Oh, the other thing that I have to mention, is my running companion Oscar, our little terrier.  He has  been accompanying me on runs since he was tiny, and because we live in the country, comes out with me all the time.  For some reason, his pure love of tearing through the outdoors (and rolling in bird shit), is quite a joyous source of inspiration (the running, not the shit-rolling) while I am running.

My first few training goals include, building my running speed and distance over the 32km mark.  Training with a 12 uphill (500m altitude gain) consistently under 2 hours.  And to build up my trail experience on some rough ground.  I know just how rugged the Routeburn is, so getting in heaps of practice on ball-bearing-like rocks and slippery surfaces is a must!

I can't wait for the semester to be over, so that I can focus on more training without feeling guilty about not studying for exams! EEK....Bring it on.

Friday, October 12, 2012

Introductions

About two weeks ago I decided that I was going to run the Routeburn Classic in 2013.  Running endurance events has been on my bucket list for years, something I thought that I would do "one day".  Time to start.  I currently run about 40kms a week, and can do about 20km in a single run if I really go for it. 

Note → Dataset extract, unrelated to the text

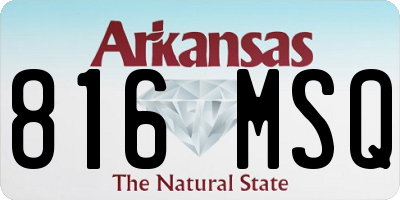 AR license plate 816MSQ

I have read heaps about the Routeburn Classic, its a challenging (grueling) 32km endurance race up and over the Routeburn track.  I have walked the track three times, and am under no illusions of how much training and stamina will be required.  My goal is to complete the event.  My training beings now.  I am keying this blog as a scrap book of my journey to this event.  Maybe someone in the deep realms of cyber space will read it, maybe they wont.  Either way, completing this event is all about achieving something awesome for me.

I hope to share my training experiences, my discoveries and my goals.  I cant offer advice, cos Ive never done anything like this before, but I will share my honest opinions of my journey Chasing The Classic.